In turn, that algorithm was based on "How to Print Floating-Point Numbers Accurately" by Steele and White http://kurtstephens.com/files/p372-steele.pdf but it does not distinguish between significand and insignifican trailing zeros.
The latest approach to conversion appears to be "Printing Floating-Point Numbers Quickly and Accurately with Integers" by Florian Loitsch http://www.cs.tufts.edu/~nr/cs257/archive/florian-loitsch/printf.pdf (Bryan O'Sullivan http://www.serpentine.com/blog/2011/06/29/here-be-dragons-advances-in-problems-you-didnt-even-know-you-had/ has provided a library for the Double version http://hackage.haskell.org/package/double-conversion.)
For a full set of references, including to source code, see http://www.ryanjuckett.com/programming/printing-floating-point-numbers/
I'll have a further think about this, including rwbarton's comments.
comment:8 Changed 3 years ago by
Resolution: | → invalid |
---|---|
Status: | new → closed |
Revisiting this ticket, I still think that GHC's output 1.0e-45
is correct, so closing.
Overrounding in what sense?
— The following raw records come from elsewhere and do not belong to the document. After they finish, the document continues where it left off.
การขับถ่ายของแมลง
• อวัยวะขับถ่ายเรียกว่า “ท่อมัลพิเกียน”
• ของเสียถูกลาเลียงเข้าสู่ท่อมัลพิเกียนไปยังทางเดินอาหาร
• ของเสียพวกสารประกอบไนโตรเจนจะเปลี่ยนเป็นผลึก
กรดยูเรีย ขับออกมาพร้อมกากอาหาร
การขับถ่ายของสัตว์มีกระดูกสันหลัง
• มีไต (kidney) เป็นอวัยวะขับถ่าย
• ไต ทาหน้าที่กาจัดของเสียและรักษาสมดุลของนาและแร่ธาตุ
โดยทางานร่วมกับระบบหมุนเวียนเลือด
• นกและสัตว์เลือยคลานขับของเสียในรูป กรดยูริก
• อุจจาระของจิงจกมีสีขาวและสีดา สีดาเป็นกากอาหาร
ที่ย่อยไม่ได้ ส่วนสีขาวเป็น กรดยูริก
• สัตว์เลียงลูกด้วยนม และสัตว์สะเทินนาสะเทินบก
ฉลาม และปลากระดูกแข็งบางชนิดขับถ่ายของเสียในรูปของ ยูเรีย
Do we have a spec for the Show Float, Show Double instances? (Honest question.)
I thought that we tried to show the fewest number of significant figures that would round unambiguously to the true value of the floating-point number (which is
1.40129846432481707092372958328991613128026194187651577175706828388979108268586060148663818836212158203125e-45
in this case). In that case1.0e-45
would be correct since1.401...e-45
is the smallest positive Float and1.0e-45
is more than half of it. However, I don't recall where I got that impression.